- Film poster
- Directed by: Jim Hosking
- Written by: Jim Hosking
- Produced by: Jim Hosking Denzil Monk Thelonious Brooks Ant Timpson
- Starring: Sky Elobar Gil Gex
- Cinematography: Mårten Tedin
- Edited by: Nick Armstrong Mark Burnett
- Music by: Andrew Hung
- Distributed by: Anti-Worlds Releasing
- Release dates: September 20, 2024 (Fantastic Fest); September 19, 2025 (United Kingdom);
- Running time: 87 minutes
- Country: United Kingdom
- Language: English

= Ebony & Ivory (film) =

2024 film by Jim Hosking

Ebony & Ivory is a 2024 British stoner comedy film written, produced, and directed by Jim Hosking. It is about the musicians Paul McCartney and Stevie Wonder gathering on the Mull of Kintyre in Scotland to hang out, smoke marijuana, and discuss a possible collaboration. McCartney is played by Sky Elobar and Wonder is played by Gil Gex. Elijah Wood and Tim League are two of the executive producers. The film premiered at Fantastic Fest on September 20, 2024. It was given a limited theatrical release in the United States on August 8, 2025.

==Cast==
- Sky Elobar as Paul
- Gil Gex as Stevie
- Carl Solomon as Zham Zham

==Reception==
 Metacritic, which uses a weighted average, assigned the film a score of 49 out of 100, based on five critics, indicating "mixed or average" reviews.
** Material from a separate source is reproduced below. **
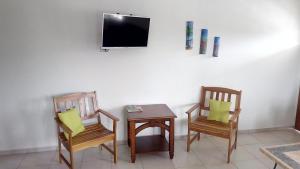 two chairs and a table with a tv on a wall at Michael's Tropical Suites in Scarborough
Robert Daniels of RogerEbert.com gave the film three out of four stars and wrote, "[Y]our patience with this stoner comedy will likely vary, especially as the tone becomes more oddball and the visual language adopts a trippy aesthetic. Even when the film offers the viewer a performance of the titular song, it does so in the most juvenile and idiotic tone possible. That need to subvert assumptions while mixing high and low comedy to needle rather than entertain is what makes Ebony & Ivory pure art."

In a negative review, Calum Marsh of The New York Times wrote, "Ebony & Ivory is a deeply unpleasant movie. Grating, juvenile and repetitive, this eccentric stoner farce written and directed by Jim Hosking feels at times more like an experiment in social conditioning than a comedy — like one of those Stanley Milgram exercises designed to study the limits of human behavior, as if Hosking wanted to test how much suffering an audience could endure."

Ben Gibbons of Screen Rant gave it a score of 2 out of 10, writing, "There is absurdist comedy, and then there's this. Ebony & Ivory has the quirks to match, but it misses the mark. While the type of humor on display is already extremely niche, the film digs its heels in, turning it into a grating and uncomfortable watch."